Task to complete
Look through the listing below and write out exactly the lines from the line with "Cityhoesje – Anti" to the line with "Ανεμιστήρας Box Fan", both included, and no others.

Given data

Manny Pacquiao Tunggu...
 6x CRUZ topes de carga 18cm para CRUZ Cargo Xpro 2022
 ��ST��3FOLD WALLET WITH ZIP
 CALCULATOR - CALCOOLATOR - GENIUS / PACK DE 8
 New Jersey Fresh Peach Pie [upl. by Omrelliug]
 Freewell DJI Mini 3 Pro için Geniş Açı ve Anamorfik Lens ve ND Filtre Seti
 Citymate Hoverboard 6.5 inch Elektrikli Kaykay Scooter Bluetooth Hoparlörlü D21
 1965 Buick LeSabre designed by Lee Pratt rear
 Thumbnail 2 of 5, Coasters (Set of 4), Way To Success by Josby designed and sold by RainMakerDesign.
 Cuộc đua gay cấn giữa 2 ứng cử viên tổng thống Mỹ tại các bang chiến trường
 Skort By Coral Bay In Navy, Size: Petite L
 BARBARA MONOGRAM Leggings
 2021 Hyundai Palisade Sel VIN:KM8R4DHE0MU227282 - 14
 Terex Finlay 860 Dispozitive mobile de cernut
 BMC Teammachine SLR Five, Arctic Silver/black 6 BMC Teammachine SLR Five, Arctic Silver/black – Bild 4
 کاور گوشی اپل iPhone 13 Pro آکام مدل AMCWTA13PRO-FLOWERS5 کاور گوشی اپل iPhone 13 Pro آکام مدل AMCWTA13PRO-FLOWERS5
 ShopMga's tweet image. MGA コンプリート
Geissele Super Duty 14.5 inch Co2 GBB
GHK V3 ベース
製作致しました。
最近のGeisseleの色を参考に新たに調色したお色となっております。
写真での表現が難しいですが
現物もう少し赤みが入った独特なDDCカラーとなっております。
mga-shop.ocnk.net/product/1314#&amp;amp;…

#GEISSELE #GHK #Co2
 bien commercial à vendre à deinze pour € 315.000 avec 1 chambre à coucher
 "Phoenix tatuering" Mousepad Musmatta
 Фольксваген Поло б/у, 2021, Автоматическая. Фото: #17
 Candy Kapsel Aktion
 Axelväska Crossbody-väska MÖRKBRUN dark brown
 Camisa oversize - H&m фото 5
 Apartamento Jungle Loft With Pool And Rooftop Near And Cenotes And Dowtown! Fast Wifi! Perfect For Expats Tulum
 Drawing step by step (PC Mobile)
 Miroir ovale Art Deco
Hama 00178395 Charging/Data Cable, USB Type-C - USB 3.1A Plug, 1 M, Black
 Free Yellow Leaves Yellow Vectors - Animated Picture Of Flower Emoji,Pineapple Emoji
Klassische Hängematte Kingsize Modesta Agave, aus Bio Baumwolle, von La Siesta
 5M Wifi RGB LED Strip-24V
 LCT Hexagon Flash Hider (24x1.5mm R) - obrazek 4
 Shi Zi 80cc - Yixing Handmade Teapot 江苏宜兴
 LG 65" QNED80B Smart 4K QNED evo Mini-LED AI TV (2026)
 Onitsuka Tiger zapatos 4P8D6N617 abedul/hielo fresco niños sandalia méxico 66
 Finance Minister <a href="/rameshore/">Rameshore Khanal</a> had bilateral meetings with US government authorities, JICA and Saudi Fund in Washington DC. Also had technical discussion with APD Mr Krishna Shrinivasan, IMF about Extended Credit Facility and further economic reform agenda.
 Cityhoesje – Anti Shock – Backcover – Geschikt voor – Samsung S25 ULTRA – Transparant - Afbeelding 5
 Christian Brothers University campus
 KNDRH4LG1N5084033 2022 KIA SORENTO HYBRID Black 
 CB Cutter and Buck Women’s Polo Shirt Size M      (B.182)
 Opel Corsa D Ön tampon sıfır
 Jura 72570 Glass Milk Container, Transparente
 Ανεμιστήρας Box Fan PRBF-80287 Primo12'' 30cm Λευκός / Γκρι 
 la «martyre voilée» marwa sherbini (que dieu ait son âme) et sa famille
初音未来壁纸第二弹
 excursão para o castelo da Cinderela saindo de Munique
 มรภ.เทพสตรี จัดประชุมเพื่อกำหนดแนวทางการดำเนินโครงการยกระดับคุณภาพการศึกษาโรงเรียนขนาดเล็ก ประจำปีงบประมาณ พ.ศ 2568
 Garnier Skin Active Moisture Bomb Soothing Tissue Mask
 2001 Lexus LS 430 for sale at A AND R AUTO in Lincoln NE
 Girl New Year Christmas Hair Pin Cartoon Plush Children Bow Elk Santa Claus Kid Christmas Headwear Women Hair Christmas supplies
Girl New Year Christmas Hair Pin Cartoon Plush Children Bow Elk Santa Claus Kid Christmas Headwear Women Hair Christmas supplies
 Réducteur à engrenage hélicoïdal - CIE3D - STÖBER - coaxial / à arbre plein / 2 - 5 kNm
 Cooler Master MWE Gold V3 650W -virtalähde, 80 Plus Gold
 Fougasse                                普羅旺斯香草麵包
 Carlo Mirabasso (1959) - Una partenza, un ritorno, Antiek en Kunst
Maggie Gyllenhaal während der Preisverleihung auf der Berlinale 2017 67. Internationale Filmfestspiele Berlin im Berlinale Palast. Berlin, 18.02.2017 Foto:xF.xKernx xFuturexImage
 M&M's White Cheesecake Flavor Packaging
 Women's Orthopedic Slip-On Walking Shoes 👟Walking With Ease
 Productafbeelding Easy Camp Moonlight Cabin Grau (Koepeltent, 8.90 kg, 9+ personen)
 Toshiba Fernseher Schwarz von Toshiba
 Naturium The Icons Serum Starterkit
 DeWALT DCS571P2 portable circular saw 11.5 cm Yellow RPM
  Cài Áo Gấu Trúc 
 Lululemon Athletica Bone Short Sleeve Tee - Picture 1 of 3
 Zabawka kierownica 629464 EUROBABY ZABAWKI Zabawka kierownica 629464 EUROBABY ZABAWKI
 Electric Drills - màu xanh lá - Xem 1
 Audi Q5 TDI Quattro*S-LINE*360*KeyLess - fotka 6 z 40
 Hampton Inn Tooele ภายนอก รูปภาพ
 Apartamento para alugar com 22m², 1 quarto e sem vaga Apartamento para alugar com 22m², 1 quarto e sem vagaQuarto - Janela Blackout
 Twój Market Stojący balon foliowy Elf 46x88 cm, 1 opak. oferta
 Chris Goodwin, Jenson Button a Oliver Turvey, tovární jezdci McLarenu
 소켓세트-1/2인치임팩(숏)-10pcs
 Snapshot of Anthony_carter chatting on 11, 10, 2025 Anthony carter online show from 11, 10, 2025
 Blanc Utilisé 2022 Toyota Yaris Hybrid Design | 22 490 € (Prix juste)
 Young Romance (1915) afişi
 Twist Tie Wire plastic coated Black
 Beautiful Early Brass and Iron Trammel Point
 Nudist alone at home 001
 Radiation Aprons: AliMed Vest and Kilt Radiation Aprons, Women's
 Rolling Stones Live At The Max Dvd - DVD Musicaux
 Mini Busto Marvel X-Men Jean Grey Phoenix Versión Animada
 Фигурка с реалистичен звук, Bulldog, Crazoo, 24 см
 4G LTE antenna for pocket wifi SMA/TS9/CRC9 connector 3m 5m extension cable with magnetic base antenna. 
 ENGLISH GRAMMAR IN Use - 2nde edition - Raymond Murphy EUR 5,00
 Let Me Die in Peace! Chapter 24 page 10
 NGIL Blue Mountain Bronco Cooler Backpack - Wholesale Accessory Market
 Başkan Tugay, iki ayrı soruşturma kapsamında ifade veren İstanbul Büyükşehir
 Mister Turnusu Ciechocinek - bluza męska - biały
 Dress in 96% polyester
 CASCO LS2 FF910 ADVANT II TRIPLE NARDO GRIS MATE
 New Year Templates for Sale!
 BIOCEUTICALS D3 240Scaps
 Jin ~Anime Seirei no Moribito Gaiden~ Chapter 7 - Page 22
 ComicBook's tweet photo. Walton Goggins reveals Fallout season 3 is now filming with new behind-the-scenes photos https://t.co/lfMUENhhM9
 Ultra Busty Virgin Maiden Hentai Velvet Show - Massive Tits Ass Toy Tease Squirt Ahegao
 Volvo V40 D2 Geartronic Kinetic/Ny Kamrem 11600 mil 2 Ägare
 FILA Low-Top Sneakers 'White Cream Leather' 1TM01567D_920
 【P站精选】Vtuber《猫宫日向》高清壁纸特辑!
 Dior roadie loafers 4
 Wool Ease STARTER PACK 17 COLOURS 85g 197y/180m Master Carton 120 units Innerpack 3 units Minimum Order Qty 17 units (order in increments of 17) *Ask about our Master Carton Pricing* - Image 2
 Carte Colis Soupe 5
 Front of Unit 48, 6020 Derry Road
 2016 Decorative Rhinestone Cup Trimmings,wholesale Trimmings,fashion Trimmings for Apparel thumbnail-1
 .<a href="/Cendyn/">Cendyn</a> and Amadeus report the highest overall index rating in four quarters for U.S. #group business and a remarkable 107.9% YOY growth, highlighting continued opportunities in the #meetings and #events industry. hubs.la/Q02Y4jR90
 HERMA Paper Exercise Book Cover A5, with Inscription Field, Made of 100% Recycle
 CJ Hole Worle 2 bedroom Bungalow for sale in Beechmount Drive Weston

Output
 Cityhoesje – Anti Shock – Backcover – Geschikt voor – Samsung S25 ULTRA – Transparant - Afbeelding 5
 Christian Brothers University campus
 KNDRH4LG1N5084033 2022 KIA SORENTO HYBRID Black 
 CB Cutter and Buck Women’s Polo Shirt Size M      (B.182)
 Opel Corsa D Ön tampon sıfır
 Jura 72570 Glass Milk Container, Transparente
 Ανεμιστήρας Box Fan PRBF-80287 Primo12'' 30cm Λευκός / Γκρι 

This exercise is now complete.